The ultimate recovery. Perhaps the coolest and 'unsung' virtue of the metronome and its measured groove is that it'll strengthen our 'recovery' abilities when we get off track while performing our music. So our own awareness, when the timing of our music begins to wobble, just becomes naturally keener. So, re-synching up with bandmates while moving through time is strengthened. 'Didn't miss a beat' is the old cliche for this ability and working the clicks will strengthen our getting back on the beat, when we happen to miss one or two, and with all due respect, ya know we all do :)

Time fluctuations. While time in music naturally fluctuates a bit here and there in performance, too much flux and maybe the original spirit of the chosen song begins to sour a bit, or a notey melody becomes unplayable etc. When a super rockin' song gets to its bridge, chorus, release or hook, just the energy we collectively put into getting there might make it seem a bit brighter or faster.
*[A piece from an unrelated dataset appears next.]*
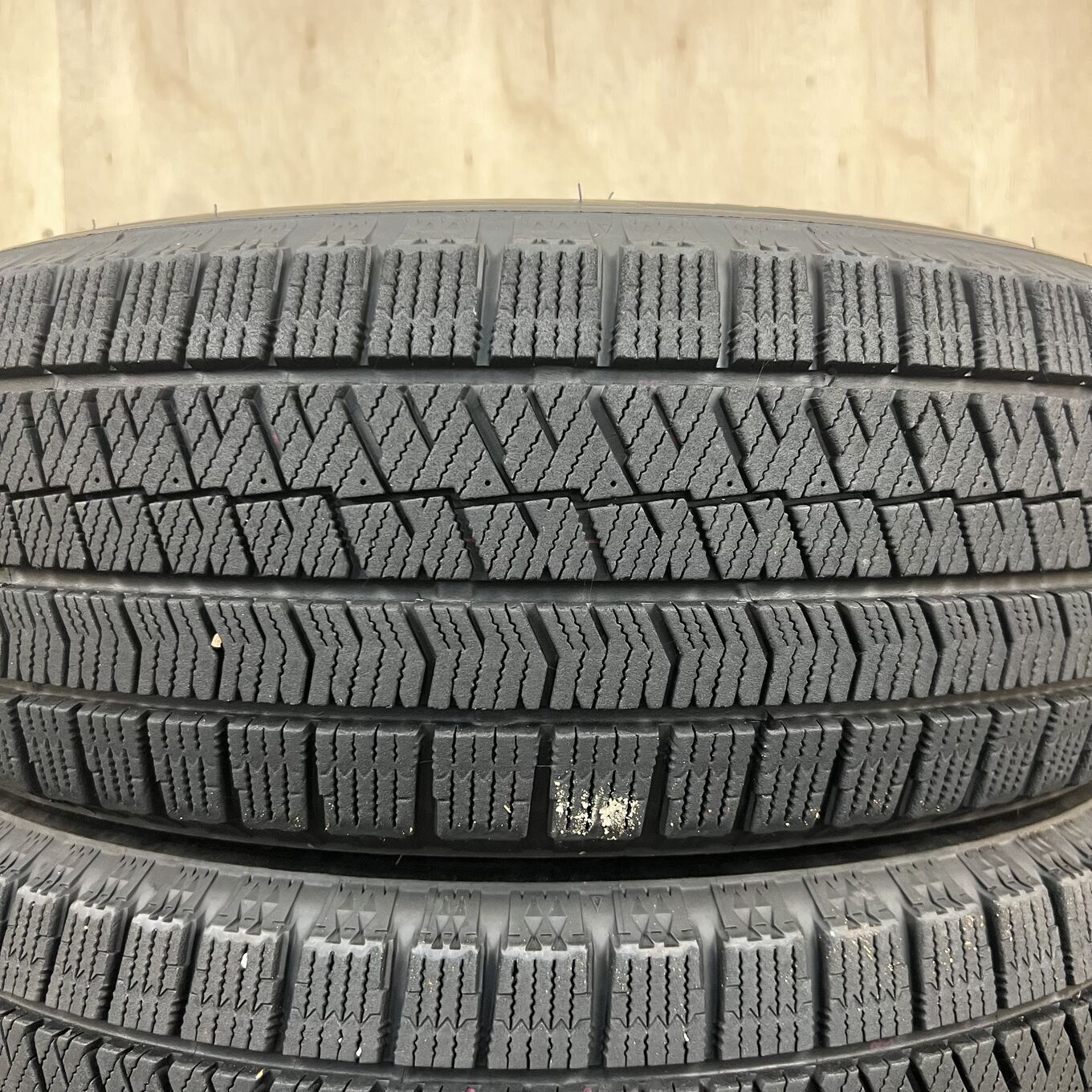 195/65 R15 Bridgestone BLIZZAK VRX2 — 15 300 ¥/комплект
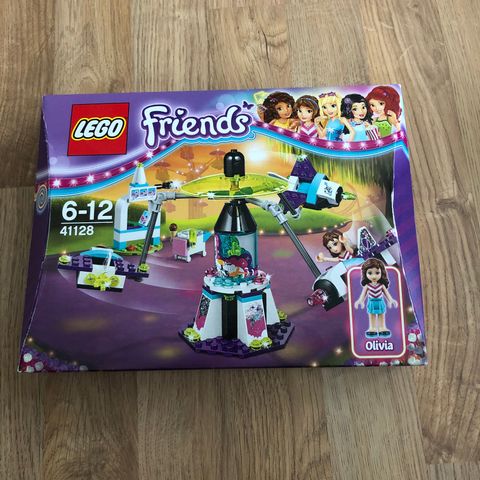 LEGO Friends 41128 Romkarusell på Tivoli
Very natural to charge ahead a bit to shout it out and then settle back to where we started for the next verse etc.

Thus we keep a close eye and ears on the singer / lead soloist for they are very very exposed and thus most vulnerable, as they interpret the emotional, human side of the story of the song, delivered in time with their artistic signature. Working with the clicks gives us a 'time awareness' that will help keep things in place.
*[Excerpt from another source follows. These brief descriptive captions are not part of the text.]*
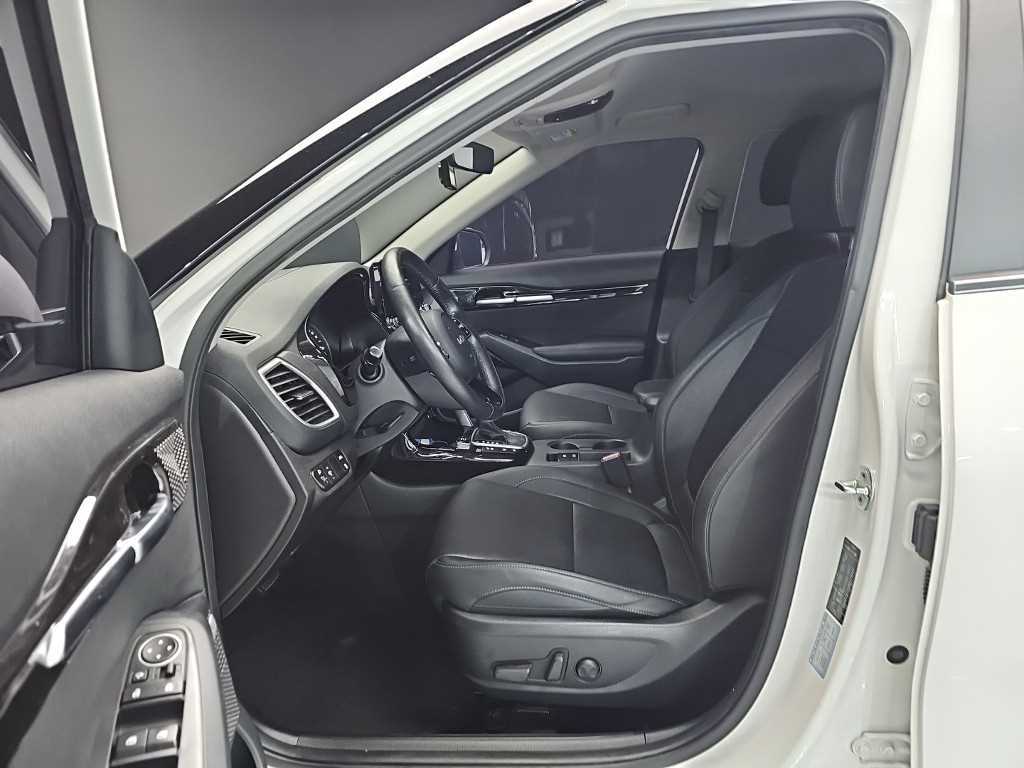 KIA Seltos - Vista 11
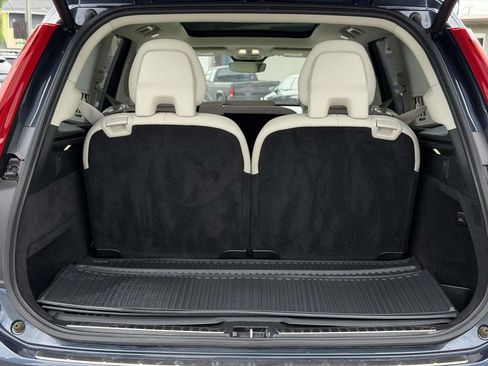 Used 2024 Volvo XC90 B6 Ultimate w/ Protection Package Premier AWD/4WD image 14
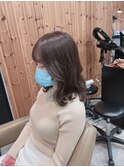 五反田美容院☆韓国ヘア、外ハネくびれミディアム、寒色ベージュ
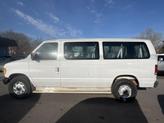 Thumbnail of 2001 Oxford White Ford E350 Super Duty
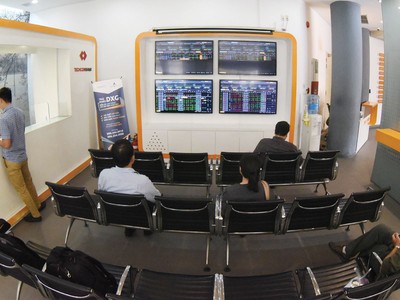 TTCK Việt Nam đang nỗ lực hoàn thiện, tiệm cận với thông lệ quốc tế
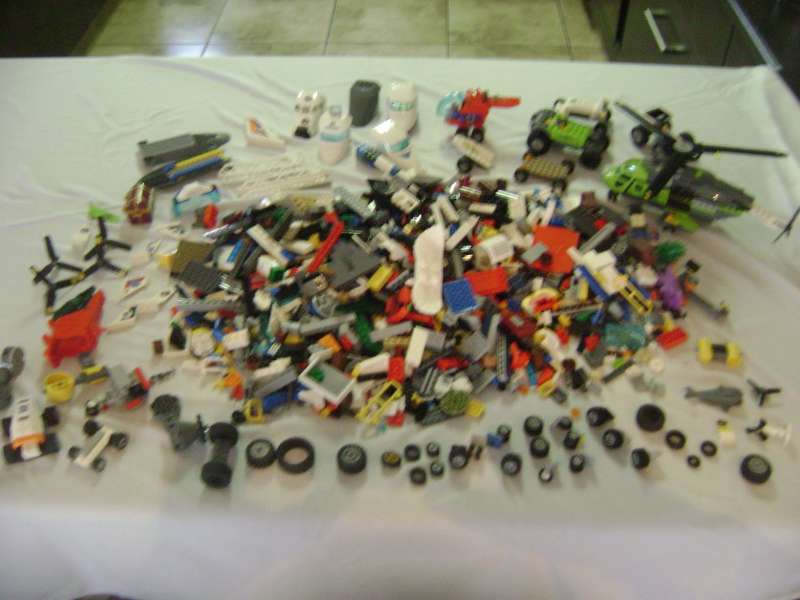 1100 lego blocks and pieces - plus bigger parts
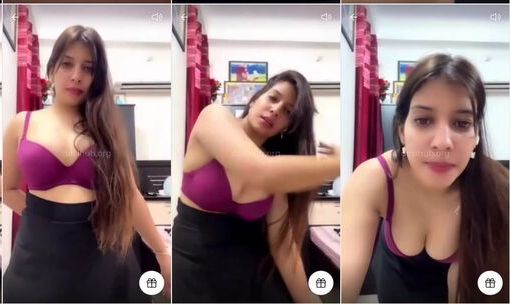 Tango Live Beautiful Girl Gets Horny & Flashes Her Sexy Boobs for Fans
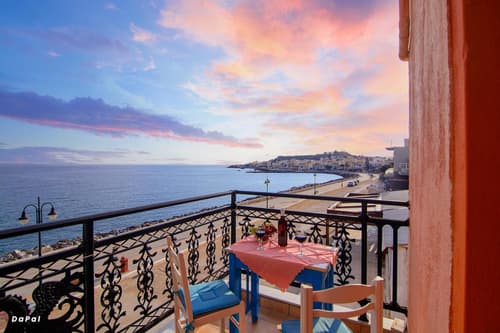 Scorpios Family Rooms,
words of a story in time = phrasing life :)

Something to 'lean' against. This idea is a common thread throughout this text during various discussions where we want to place our 'theory' into 'performance.' The basic idea here is that by having something to lean against, i.e., the clicks of a metronome, we're creating some sense of musical gravity, we're placing whatever we're doing in real time, moving along a musical situation or environment.

While today there's lots of ways to create this beating of measured time, a metronome has historically been the master of time measure. Lutenist and 'rule of 18' proponent Galileo Galilei is thought to have worked with a pendulum, whose concept of even, timed movement evolved into various time keeping devices.

wiki ~ metronome
wiki ~ Galileo Galilei

For example, it's one thing to practice scale shapes but how musical is it? Do we play scale shapes in performance? While we all do at times 'go to the well', we usually do not. But the running scale shapes 'in time', as provided by a metronome, changes the dynamic, to more akin to actual performance, where our creative improv forms up scale shapes into melodies as we lean into the bass line and drums for support and context.
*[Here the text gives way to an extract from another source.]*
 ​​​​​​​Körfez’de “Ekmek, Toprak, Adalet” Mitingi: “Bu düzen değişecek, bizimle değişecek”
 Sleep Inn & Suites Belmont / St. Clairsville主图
Phrasing. Remember the old expression about ... ' it's not what we say but how we say it?' Well, same thing with our musical phrasing. So depending on the situation, the 'how we say it' part of this old time quip becomes the rhythm and timing of the phrasing of our ideas, the support for which we can get from the even clicks that a metronome creates when it's turned on.

Once we can count ourselves into the clicks, we then have a moving along, accurate time to energize our musical thought process, we then think of an idea and find it on our instrument. And placing our ideas into real time is simply what we do when we collaborate with other musicians. So again we're strengthening, like exercising in the physical sense of musical time.

Improvising artists talk of 'sing the line, play the line.' Melody players do this also, to find their own take on how the phrase will unfold. Having the background of time as support, if we can feel and recreate the swing of a phrase when we sing it, then we can find this phrasing through practice. In the shed? Yep, in the shed :)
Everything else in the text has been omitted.